*AIM OF THE EXERCISE*: Begin at the line that has "Next, we retrieve", stop after the line that has "Templates are wonderful", and print exactly those lines from the records below, without any pictures.

*SUPPLIED MATERIAL*:
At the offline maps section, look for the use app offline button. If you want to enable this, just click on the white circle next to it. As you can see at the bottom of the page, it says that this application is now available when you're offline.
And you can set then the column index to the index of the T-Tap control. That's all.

* * *

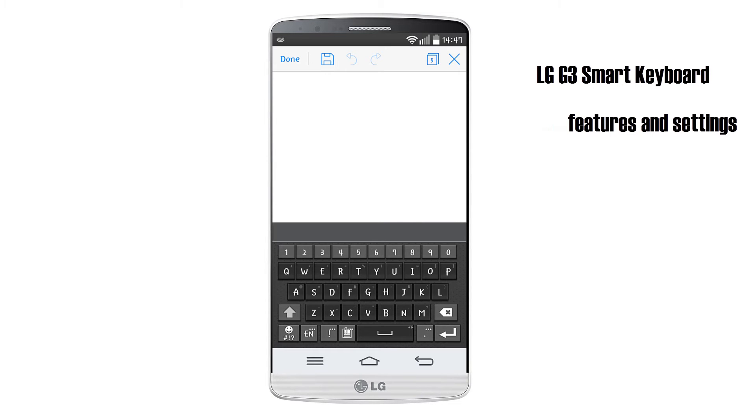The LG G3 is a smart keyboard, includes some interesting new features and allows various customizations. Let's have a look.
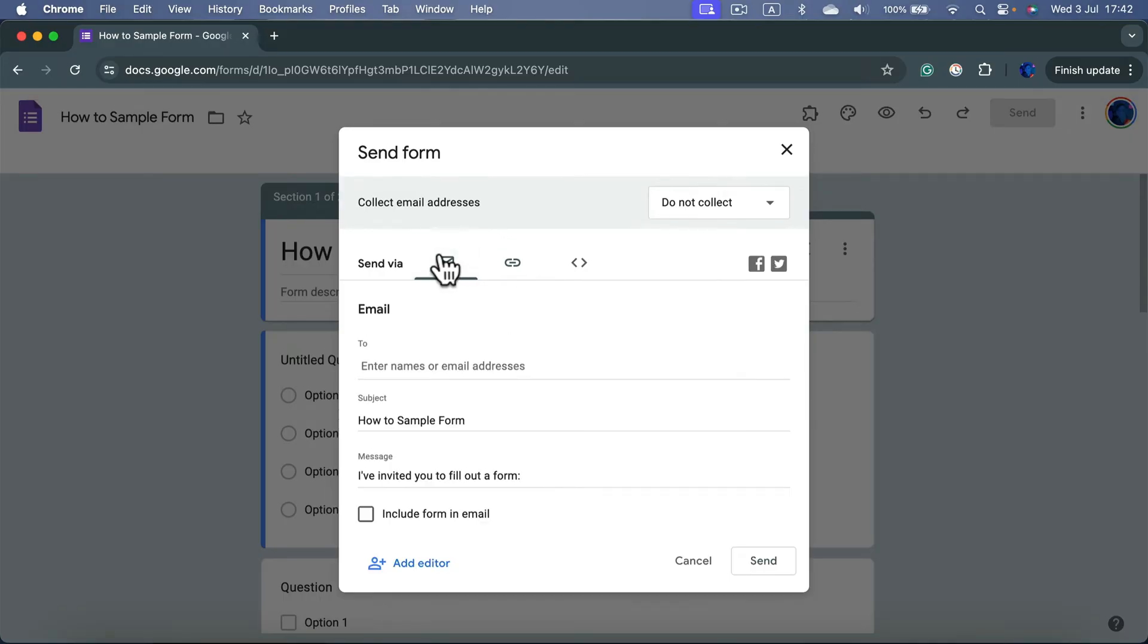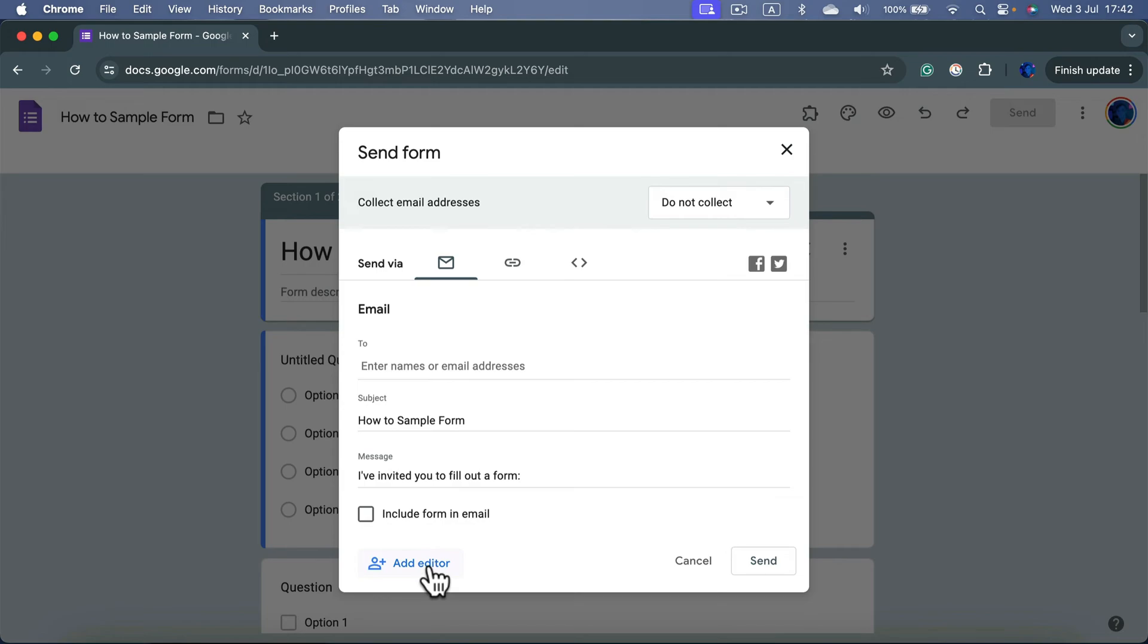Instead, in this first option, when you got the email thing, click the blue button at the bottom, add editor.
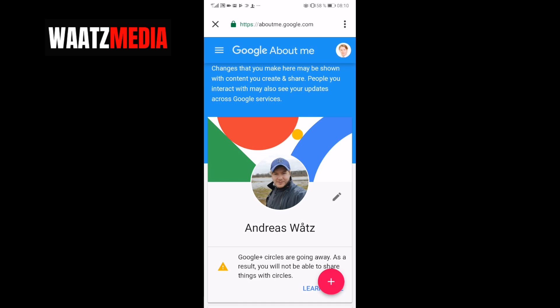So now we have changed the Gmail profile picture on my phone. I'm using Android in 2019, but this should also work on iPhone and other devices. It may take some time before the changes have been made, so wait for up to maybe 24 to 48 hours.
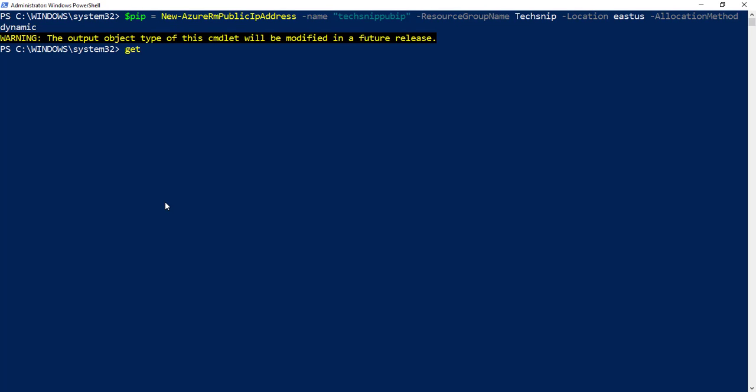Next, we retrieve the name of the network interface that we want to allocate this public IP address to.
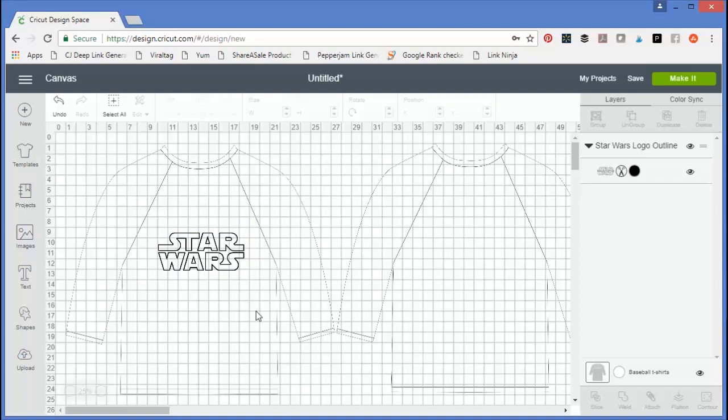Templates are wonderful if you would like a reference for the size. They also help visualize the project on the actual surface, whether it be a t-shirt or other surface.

*ANSWER SPACE*:
Next, we retrieve the name of the network interface that we want to allocate this public IP address to.
Templates are wonderful if you would like a reference for the size. They also help visualize the project on the actual surface, whether it be a t-shirt or other surface.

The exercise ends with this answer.